Australia has denied famed abuser Chris Brown’s visa application on character grounds, which stands to prevent him from giving scheduled performances in Sydney, Melbourne, Brisbane, and Perth. When Brown pleaded guilty to felony assault and making criminal threats against Rihanna in 2009, he dodged jail time in favor of probation, counseling, and community service. Those who called for a harsher sentence can count this weekend’s news as some evidence that his punishment didn't end there.
Though Brown has toured in Australia twice since his 2009 conviction, in 2011 and 2012, the country has since cracked down on foreign abusers of women. In February, Australia denied entry to boxer Floyd Mayweather, who has been convicted of battery against his female partners on several occasions.
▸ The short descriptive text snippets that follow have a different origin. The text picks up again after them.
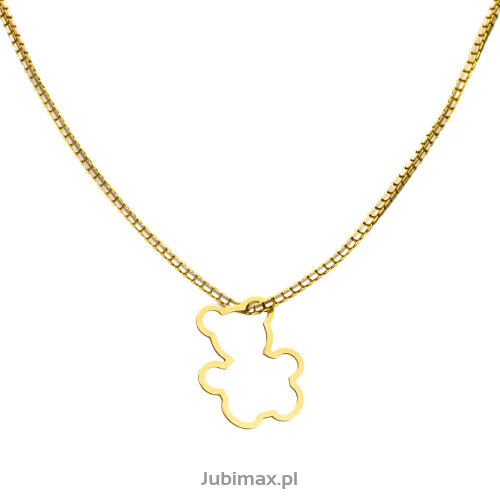 Zawieszka złota pr.585 miś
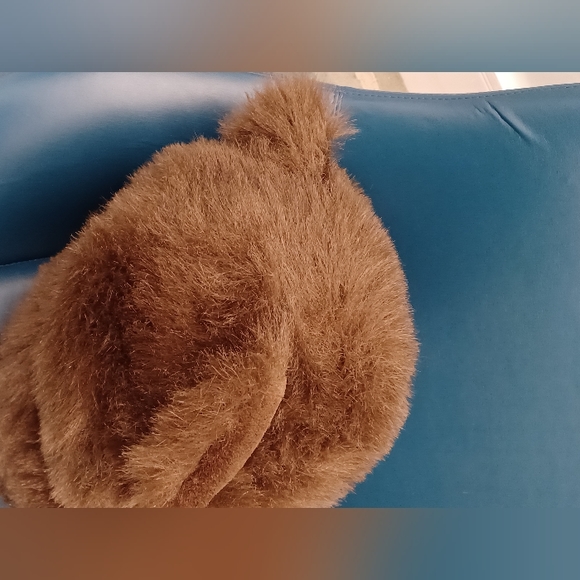 Shanghai Hai li toy Teddy bear red bowtie Brown large  plus stuffed animal - Picture 8 of 9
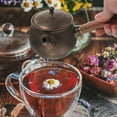 thumbnail image 3 of Tea Brew Pot Side Handle Tea Pot Antique Style Tea Making Pot Chinese Tea Pot Decorative Teapot, 3 of 8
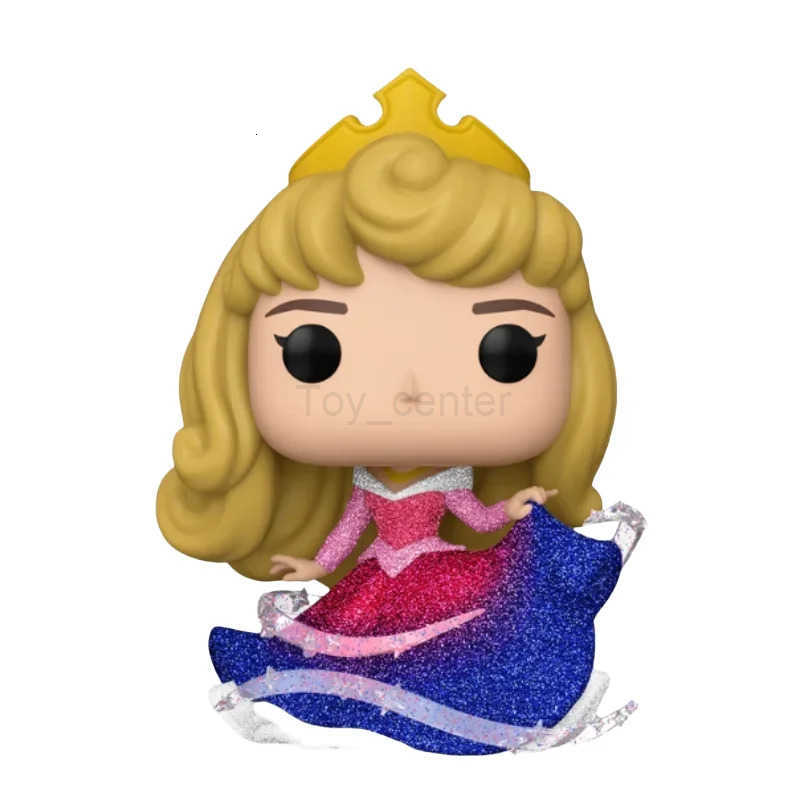 Disney Pop Princess Aurora Diamond 1591 Action Figure Funko Collectible Vinyl Figures Model Toys Q Version Statue Doll Gifts H251127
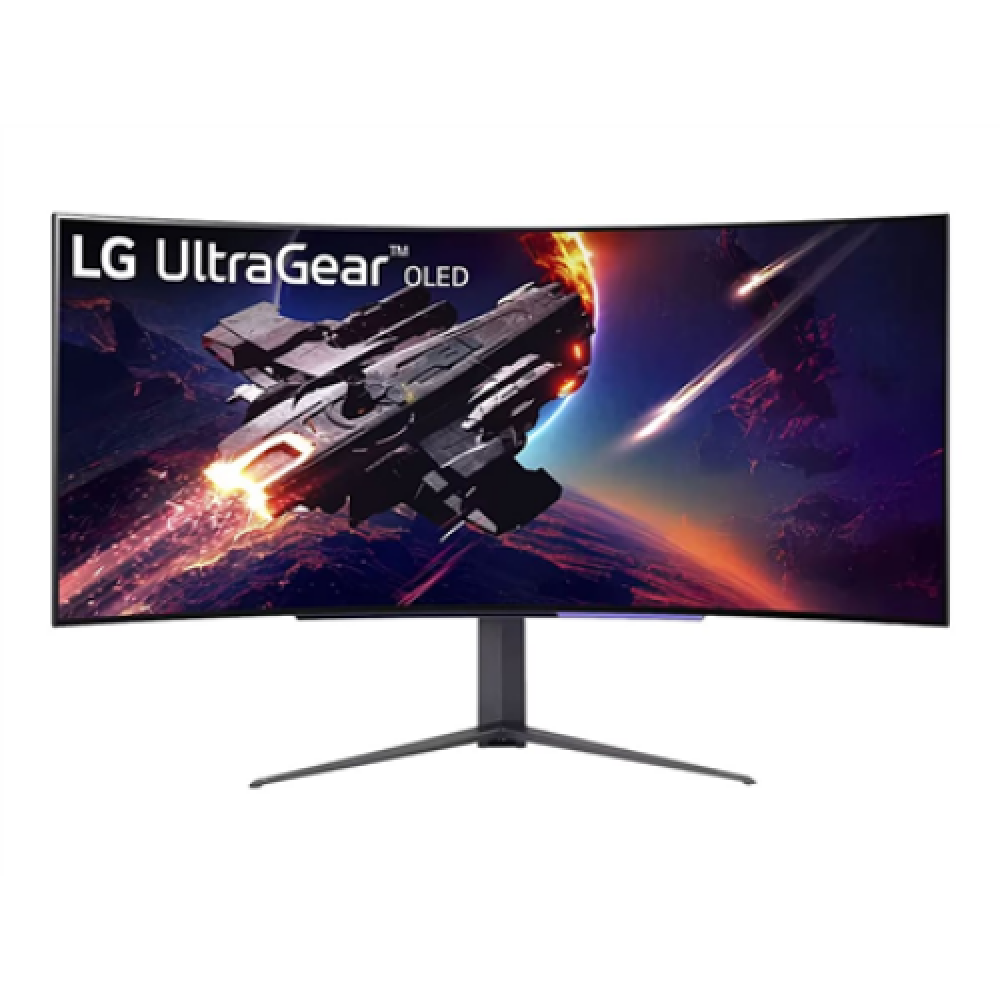 LG , UltraGear Curved OLED Gaming Monitor , 45GR95QE-B , 45 , WQHD , 21:9 , 240 Hz , 0.03 ms , 3440 x 1440 , HDMI ports quantity 2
Late last year, the country revoked the visa of Swiss-born, U.S.-based “pick up artist” Julien Blanc and refused a temporary visa request from Dan Bilzerian, a poker player and Instagram degenerate who’d been videotaped appearing to kick a woman in the head.
“People need to understand if you are going to commit domestic violence and then you want to travel around the world, there are going to be countries that say to you, ‘You cannot come in because you are not of the character we expect in Australia,’ ” said Minister for Employment and Minister for Women Michaelia Cash of her recommendation to the immigration minister to reject Brown’s application.
Several other countries have character or morality stipulations in their visa codes, though they’re often applied with ample room for discretion. Paris Hilton was turned away at a Japanese airport because of a drug conviction. Martha Stewart was refused entry into the U.K. for her criminal activity. Russia denied a visa to Selena Gomez, forcing her to cancel two shows, on the mere threat from activists who were lobbying Gomez to speak out against the country’s anti-gay laws at her concerts in St. Petersburg and Moscow.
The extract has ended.